Cited by the Providence Journal in 1997 as "the most popular work of art created in the capital city’s -year history" WaterFire continues to grow and gain in popularity. Barnaby Evans created First Fire in 1994 as a commission to celebrate the tenth anniversary of First Night Providence. In June 1996, Evans created Second Fire for the International Sculpture Conference where it became the gathering place for thousands of participants from all over the world. Ardent art supporters convinced Evans to create an on-going fire installation and started a grass-roots effort to establish WaterFire as a non-profit arts organization. With the support of hundreds of dedicated volunteers, generous donations from many individuals, contributions from corporate leaders and support from the City and State, WaterFire’s flickering flames now regularly return to illuminate downtown Providence.
In 1997, WaterFire Providence expanded to 42 braziers, and attracted an estimated attendance of 350,000 people during thirteen lightings.

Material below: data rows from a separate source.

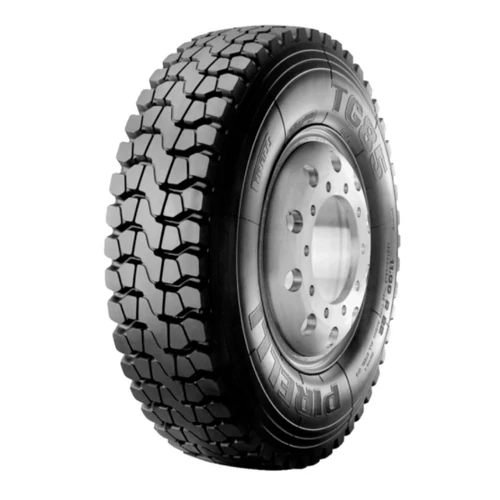 1200 R20 TG85 154/150K 3PMSF M+S TT On/Off Pirelli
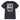 V5H556A2258B788E2017764B80F6C1D4790R6016275P2
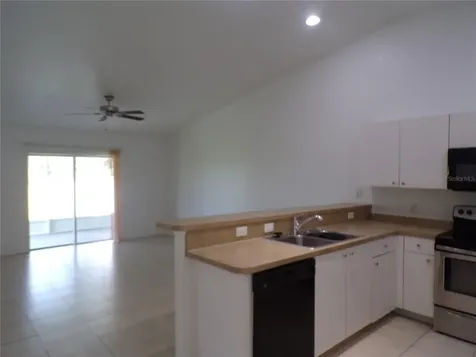 385 Sunflower Street Punta Gorda FL 33982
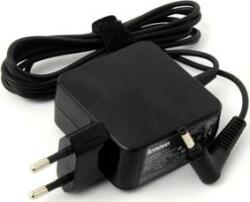 Lenovo 45 W-os Lenovo tápegység IBM, Lenovo készülékekhez (00006) (00006)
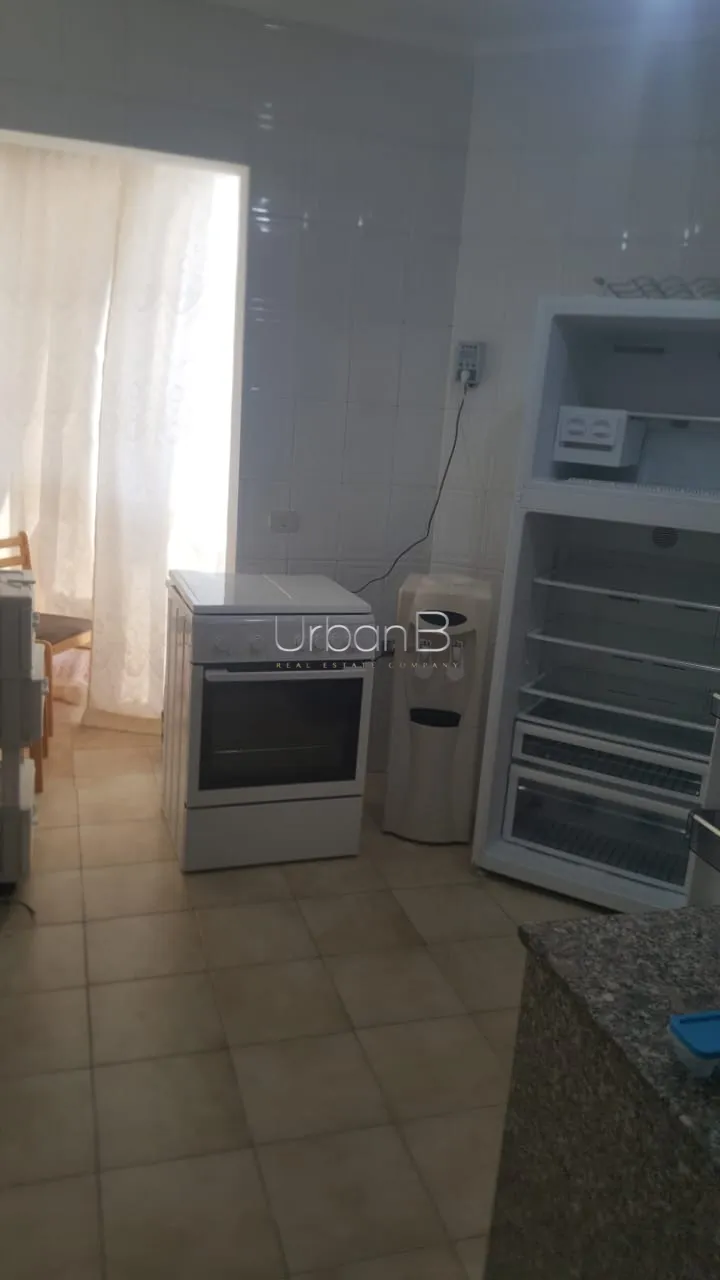 Apartment for rent in Bzoummar, lebanon - 2 bed, 2.0 bath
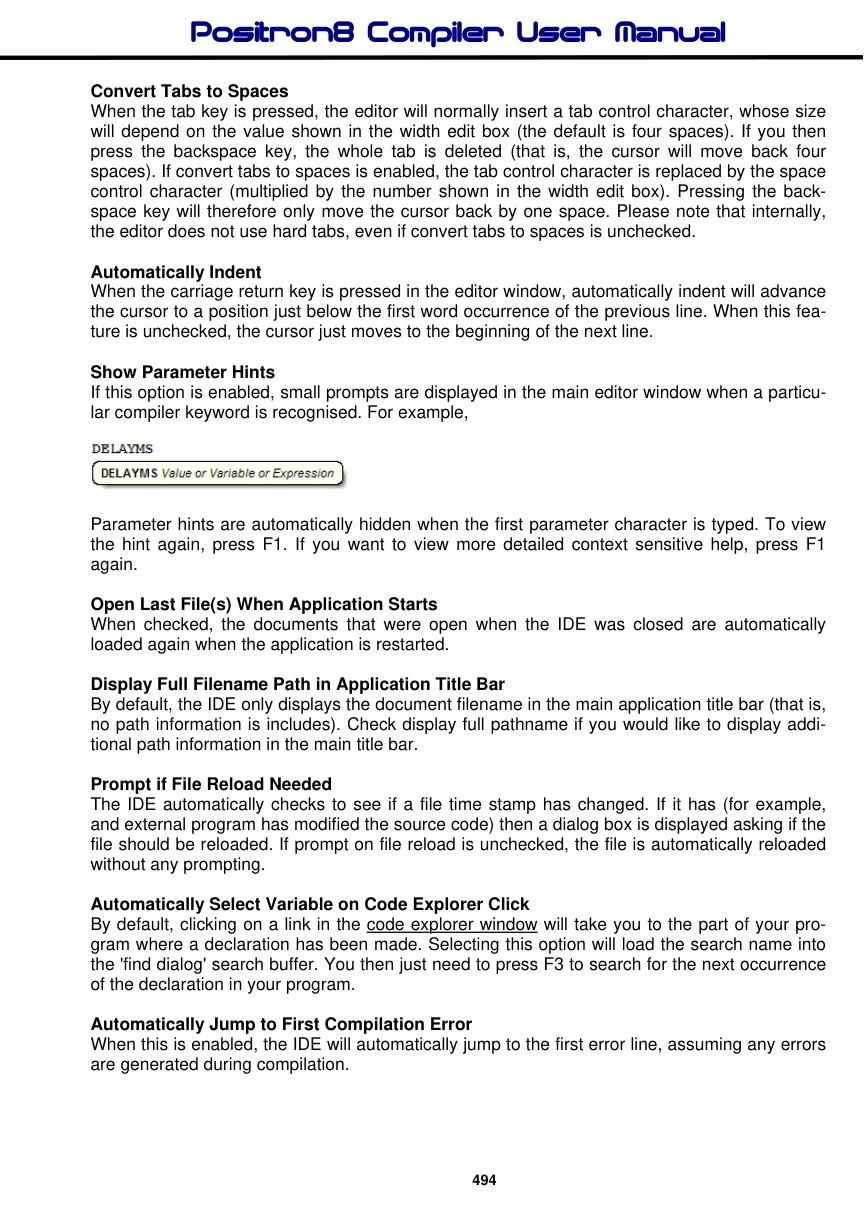Original PDF page 494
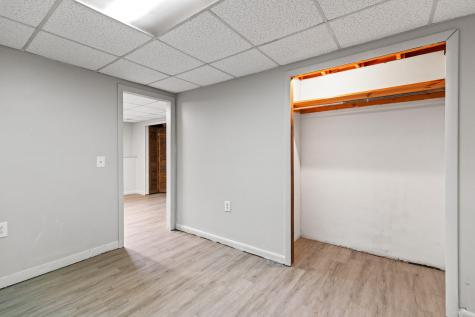 19 Maplewood Avenue Windham ME 04062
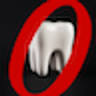 Castodent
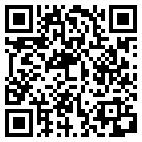 QR Code for The Land Source in Kansas City, MO 64105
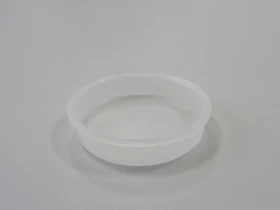 Tappo Salvafiletto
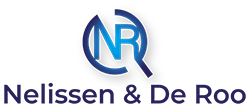 Nelissen & de Roo logo
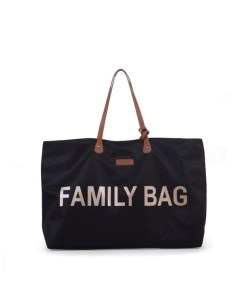 Сумка для семьи Family Bag Childhome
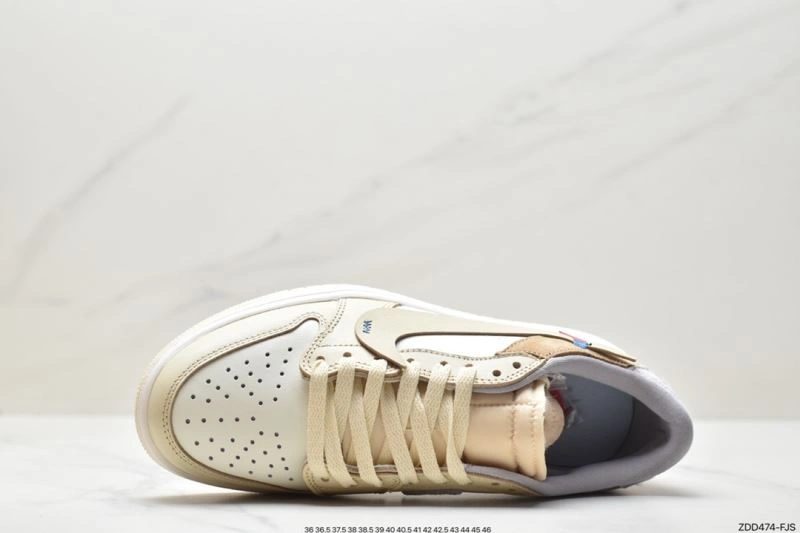 Nxkx Jordan GoAnywhere 202826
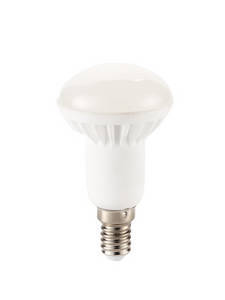 Samsung LED R50 Lamp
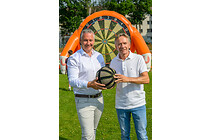 trendsport_union_022.jpg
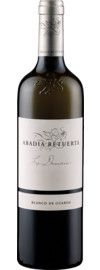 2020 Abadia Retuerta Le Domaine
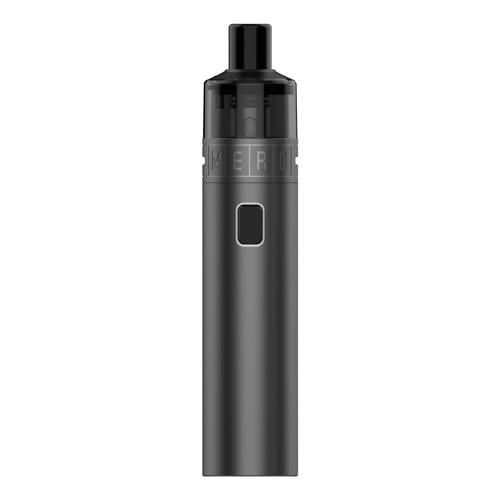 GEEKVAPE - MERO AIO - PENCIL VAPE KIT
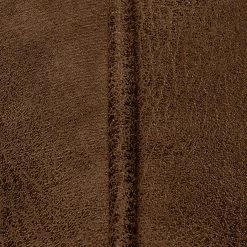 Ars manufacti Canapé Mallow (2 places) - Aspect cuir vieilli marron -Canapés Soldes Magasin sofa mallow 2 sitzer antiklederoptik braun 436274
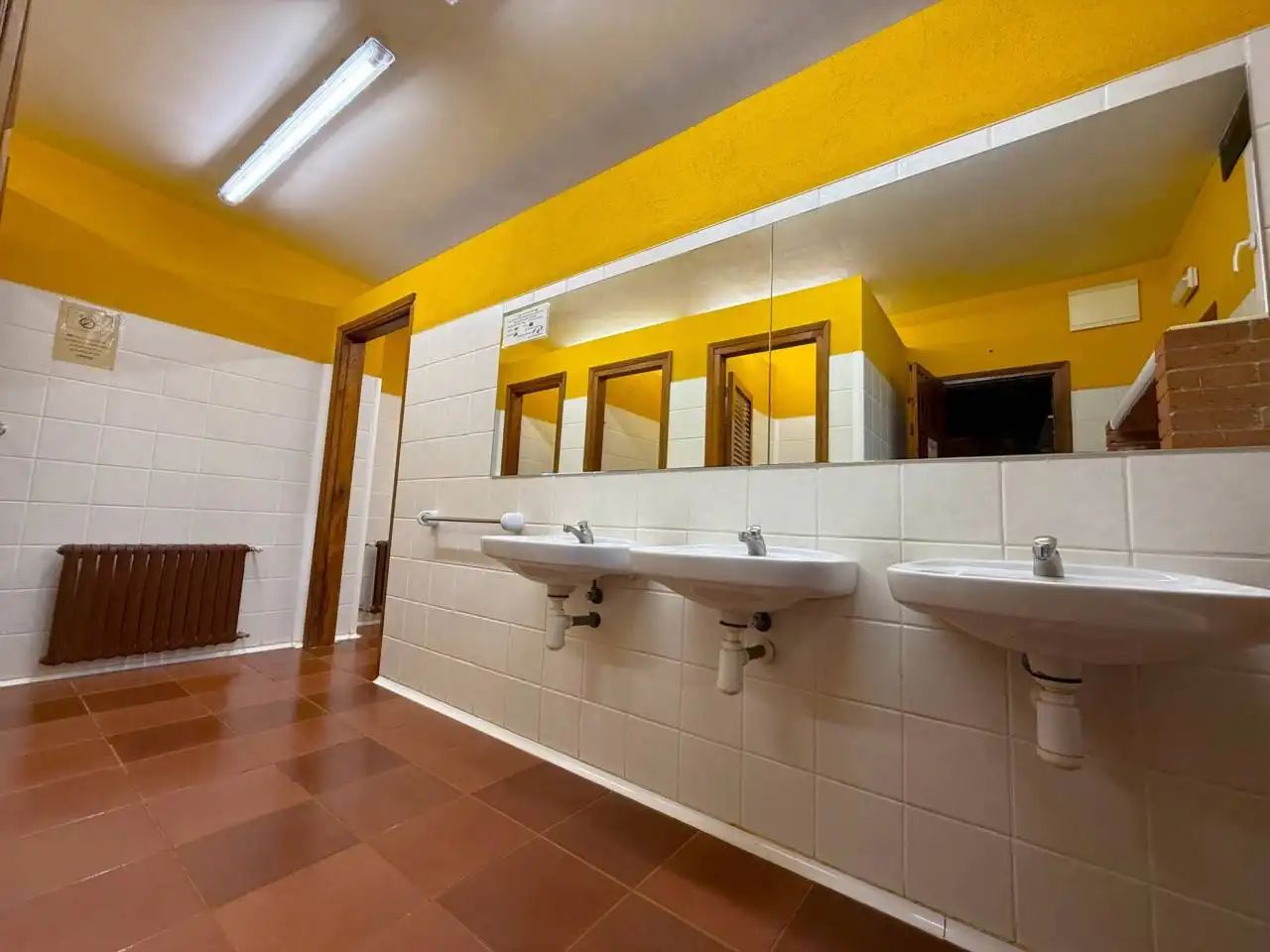 Local commercial à vendre à Paseo Rectoria Vella 1, imagen 16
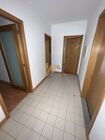 Apartamento T2 - Santa Maria da Feira, Santa Maria da Feira, Aveiro - Miniatura: 2/9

Evans received the Renaissance Award from the City of Providence for his work as an artist and his role in revitalizing downtown Providence.
In response to growing attendance, WaterFire expanded in size to 81 braziers in 1998; and 97 braziers in 1999. The 1999 season culminated in a special WaterFire lighting for the December 31 millennium celebrations. WaterFire’s 2000 season was our biggest so far — more than thirty sponsors helped host 25 lightings during a season that ran from March to October.
Hundreds of volunteers have devoted many thousands of hours to create WaterFire for the enjoyment of the public. The broad support for WaterFire Providence and its power to attract millions of visitors are eloquent testimony to the power of public art and to its capacity to restore our urban and social landscape.